WAWG strongly opposes Initiative 522
Poorly written initiative would provide consumers misleading information while increasing costs for consumers and farmers
September 9, 2013
On behalf of more than 1,800 members, the Washington Association of Wheat Growers is strongly opposed to Initiative 522 on the November statewide ballot.
I-522 would force Washington farmers and food companies to implement costly new labeling, packaging, distribution and recordkeeping requirements that do not exist in any other state – whether or not they grow or produce genetically engineered crops (GE) or food products.
“I-522 is a costly and misleading measure that would hurt Washington’s family farmers and consumers,” said WAWG Past President Eric Maier of Ritzville. “While there is currently no commercially available GE wheat, I-522 would still impose new bureaucratic requirements on our members who grow and process wheat products for sale in Washington and around the world.”
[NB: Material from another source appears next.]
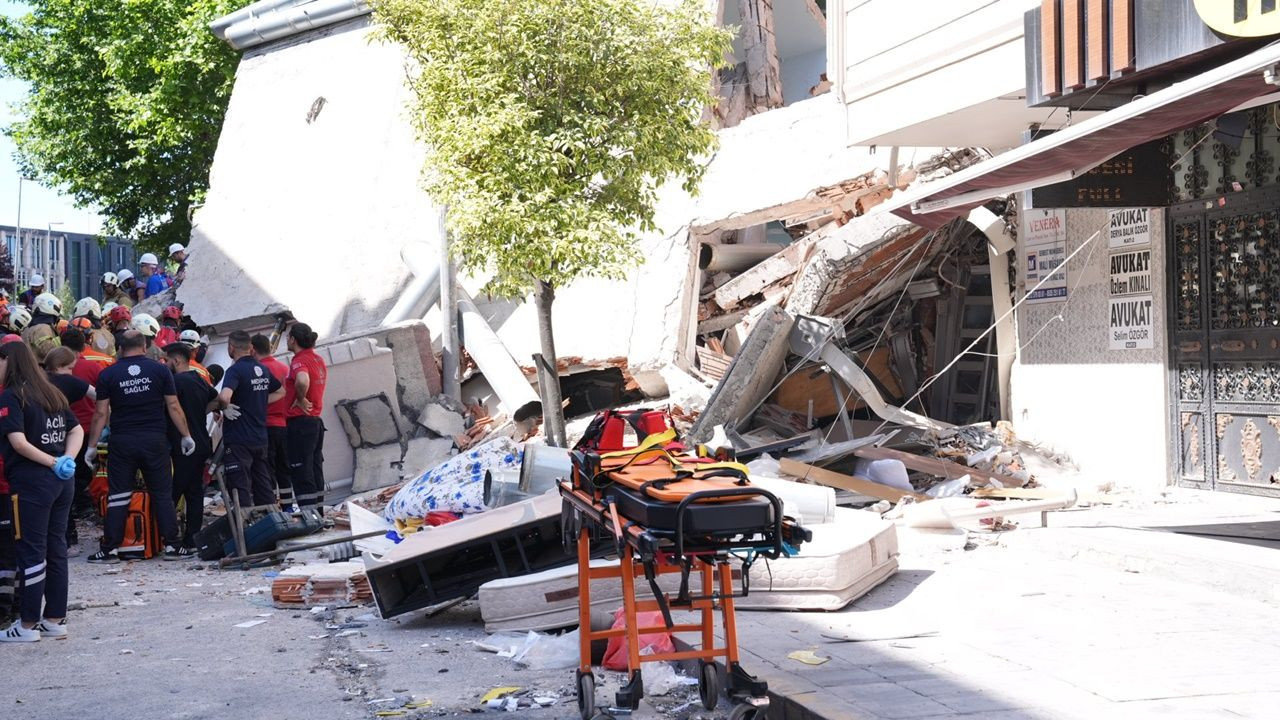 Küçükçekmece'de çöken binanın enkazı altında son kişi de yaralı olarak kurtarıldı! - Sayfa 5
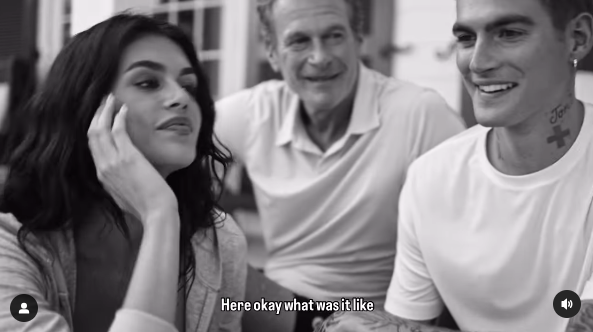 Kaia, Rande y Presley Gerber compartiendo un cálido momento familiar, publicado el 30 de abril de 2025. | Fuente: Instagram/vuoriclothing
Family farmers, food producers, grocers and retailers would have to implement distinct systems to grow, handle, process, transport and sell food and beverage products in Washington. Farmers would also have to create extensive new recordkeeping systems to track all food products -- foods that contain GE ingredients (so they can be properly labeled) as well as foods without GE ingredients.
These new requirements would add millions of dollars in costs for Washington farmers and food companies, and make Washington products more costly than in other states.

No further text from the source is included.